# End-grain cutting board to fit over sink - viability? Minimum thickness?



## crampon (Apr 4, 2012)

Hi folks, I'm a novice woodworker who's working on a few small things that we need around the house. The first project I'm thinking of taking on is an over-sink cutting board. Here's a pic of the kind of thing that I have in mind.

I'd like to do this with an end-grain board, but I'm wondering if an end-grain board will be strong enough to span the sink and hold up over time. Does anyone have any thoughts on this? If it is viable, how thick would an end-grain board need to be to support itself? Note that the material will most likely be rock maple, but I'm open to other suggestions.

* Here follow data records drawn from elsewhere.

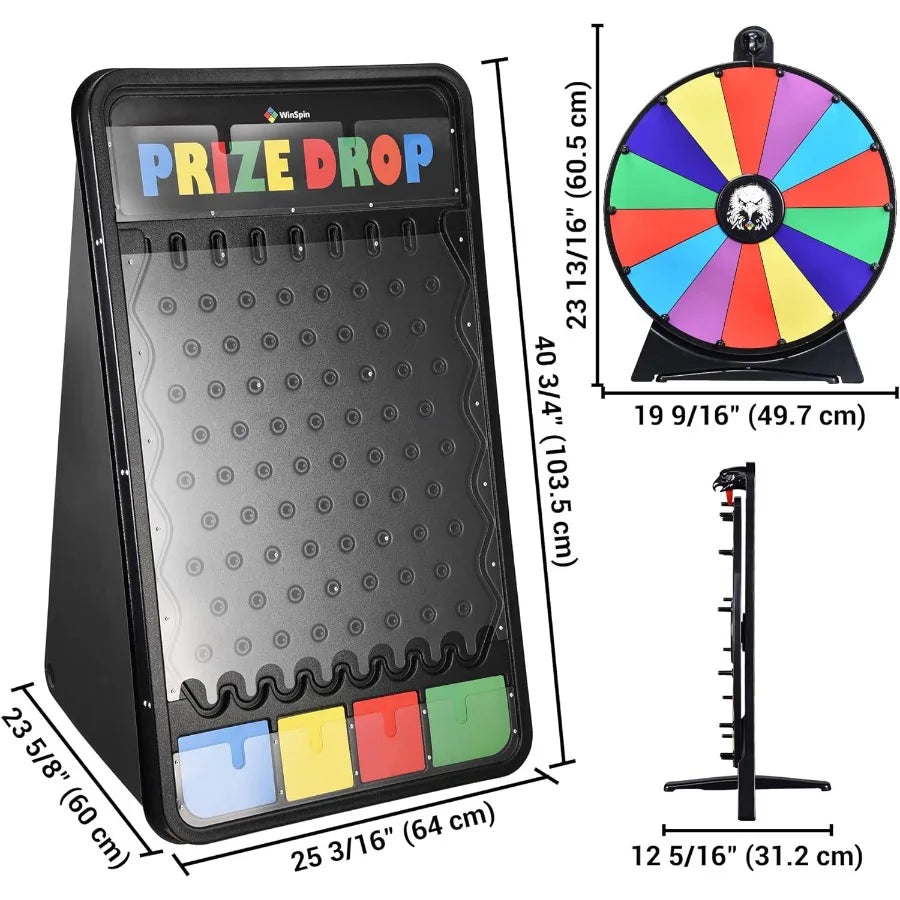 20 Prize Wheel 41x25 Drop Board Foldable Stand Disk Spinning Wheel Fortune Game for Pub Party Trade Show Carnival Metal Red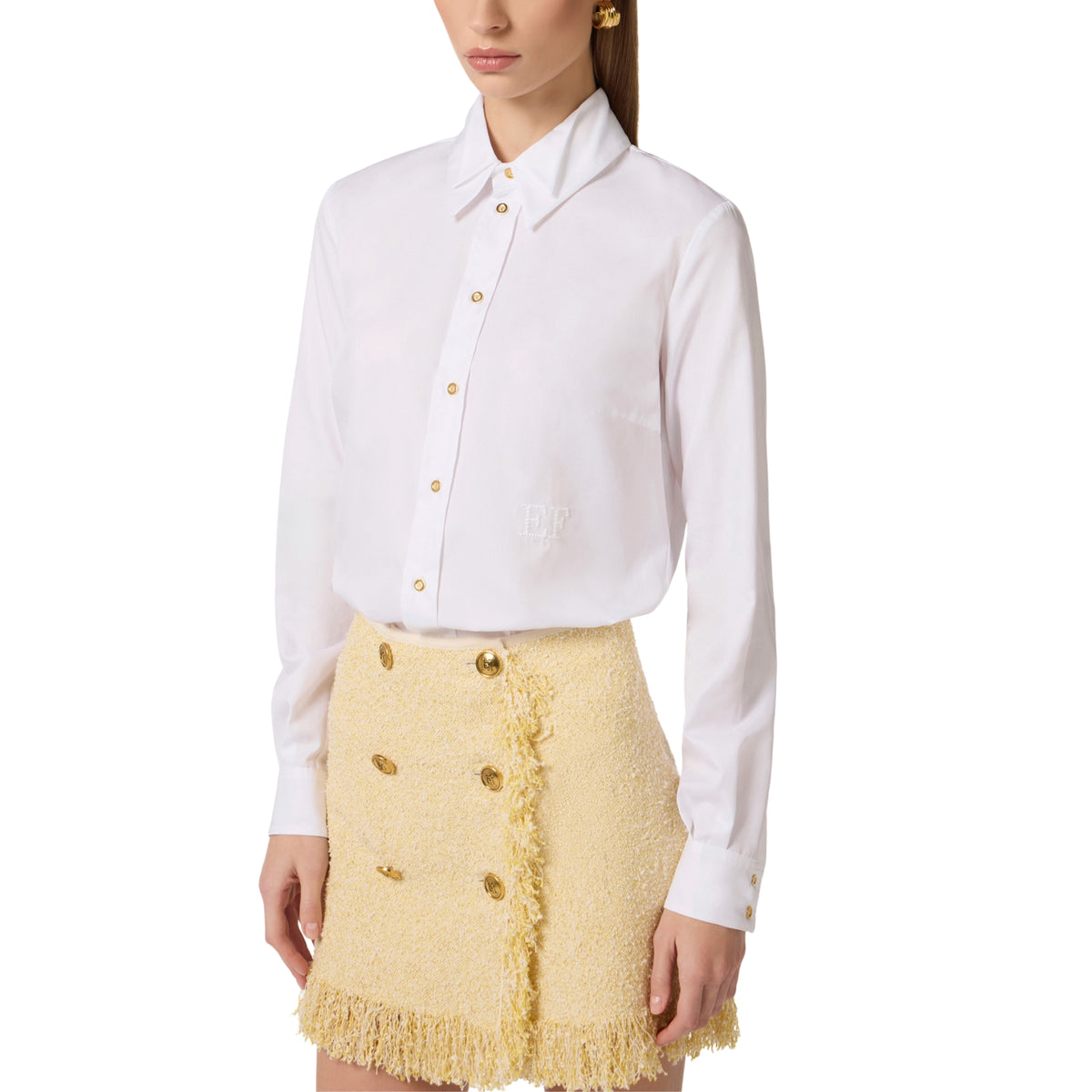 Camicia con doppio colletto smoking e bottoni dorati - Bianco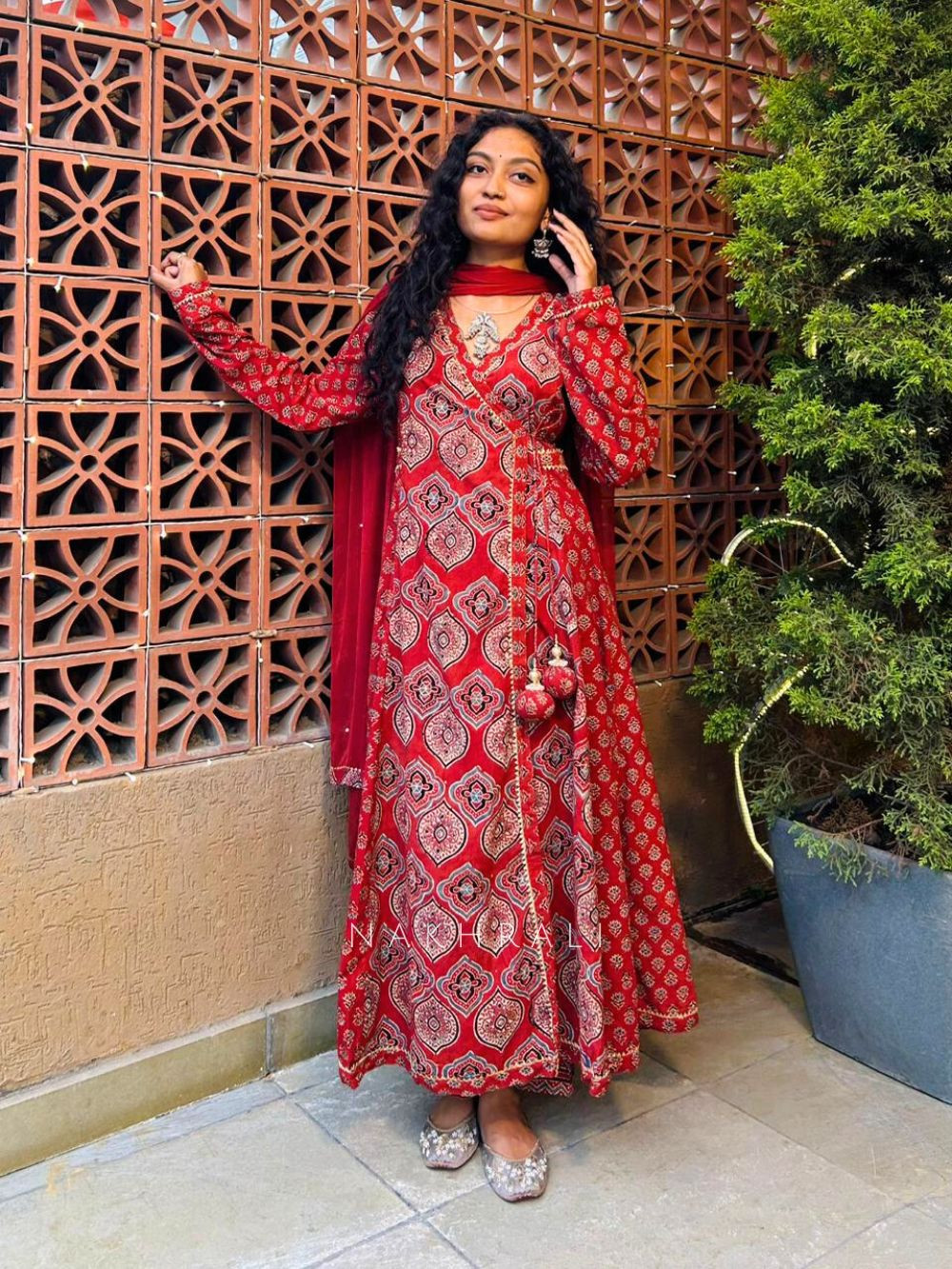 angrakha style maxi dress Mustard Yellow Georgette Angrakha Style Tiered Maxi Dress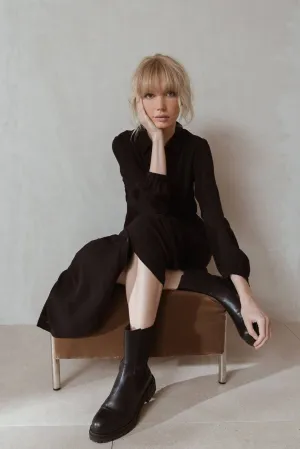 Indi & Cold Plumeti Maxi Dress (Black)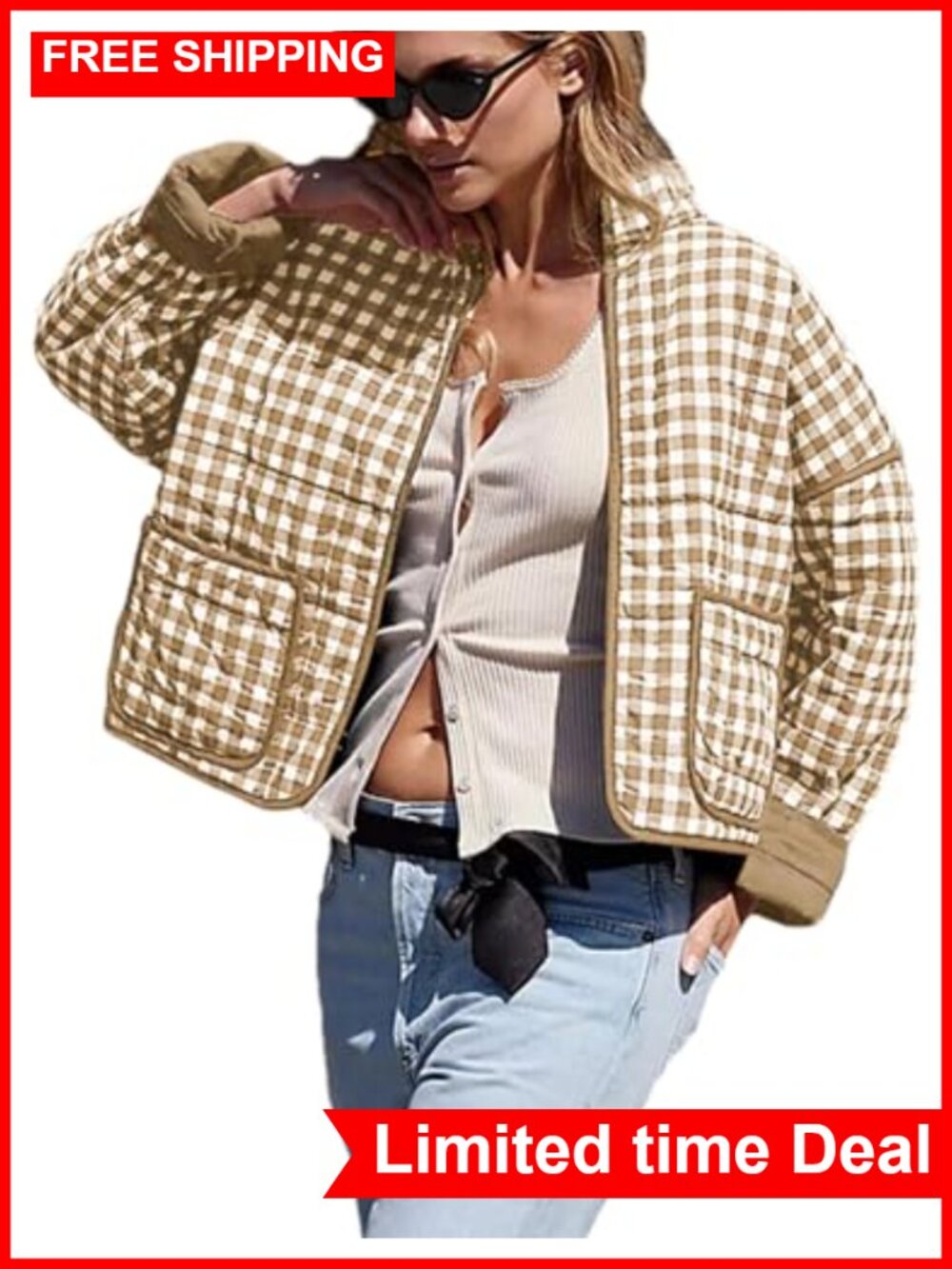 Women's Cropped Quilted Puffer Jacket Plaid Print Lightweight Zip Up Coat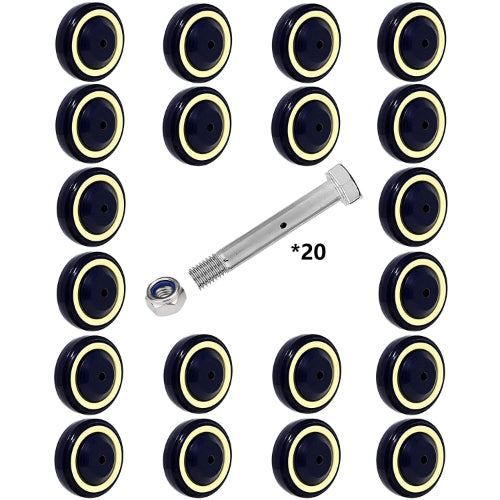 4-Pack 4-Inch Shopping Cart Wheels with 1200 lbs Total Capacity - Polyurethane, Double Ball Bearings, Stepped & Full Tread Face (Dark Blue Beige)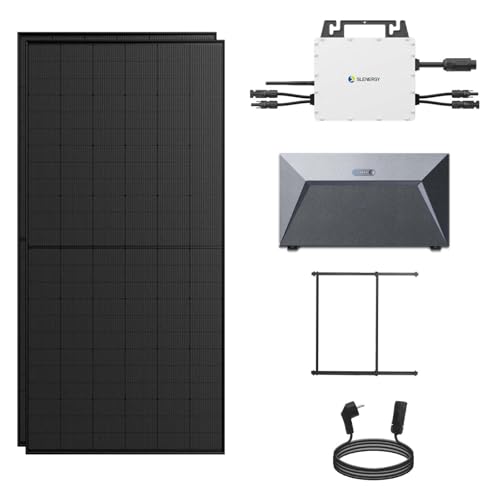 EPP.Solar® 850W Balkonkraftwerk mit Speicher | Wechselrichter 800W | Photovoltaik Anlage mit 1,6 kWh Solarspeicher von Anker | Balkonkraftwerk mit Halterung (850W mit Anker Speicher) von EPP.Solar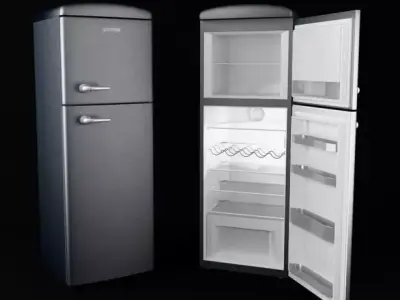 Modern Metal Refrigerator 3D model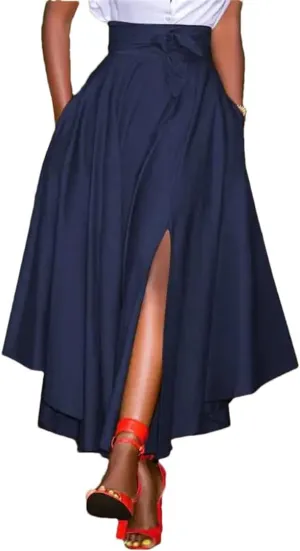 Women's High Waist Midi Skirt Casual Irregular High Waist Retro Zipper Pleated Beach Skirt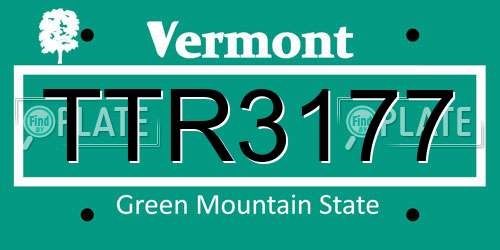 TTR3177 Vermont License Plate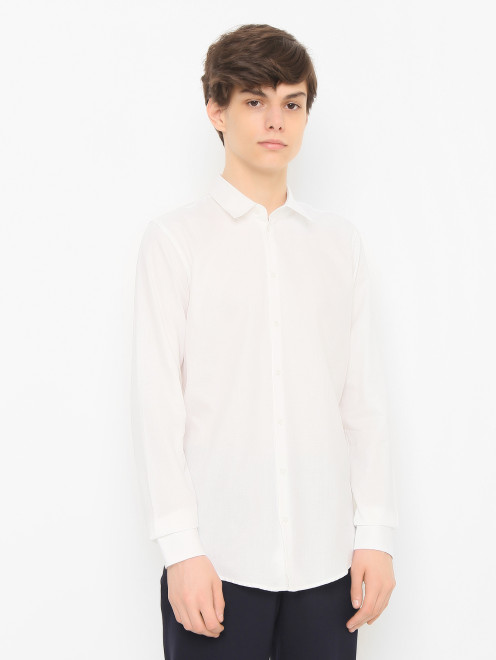 Фактурная хлопковая рубашка Dal Lago - МодельВерхНиз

Thanks all for your input.


----------



## MrRon (Jul 9, 2009)

I would make the cutting surface a bit larger than the sink opening and glue it to a piece of plywood that fits down into the sink opening. I would guess the board should be about an inch thick and all put together with an epoxy glue. End grain boards are meant for chopping. If you are not chopping, I would lay up the maple strips in a horizontal pattern.


----------



## bondogaposis (Dec 18, 2011)

I'll come right and say, "I'm agin it." If you notice that is not an end grain board in the picture. The strength of the overhang on an end grain board would be too weak for this application and would be liable to break. I'm also not in favor of the plywood idea either as it doesn't take into account wood movement which would surely occur over and over again as the board is being used in wet environment and then drying in between uses. The photo shows the best way to construct this type of board, long grain.


----------



## rad457 (Jun 15, 2013)

I like the look and design of the one in the picture, might be tempted to make one from some Red Cedar that I have taking up space?


----------



## HerbC (Jul 28, 2010)

Red cedar's not very hard. And the "aroma" (and the aromatic oils that produce it) might transfer to the food and modify the flavor of the food…

Herb


----------



## crampon (Apr 4, 2012)

Thanks everyone! Bondo Gaposis, your view was pretty persuasive, I'll do it like the picture, with the face grain up.

Thanks again to everyone for chiming in.


----------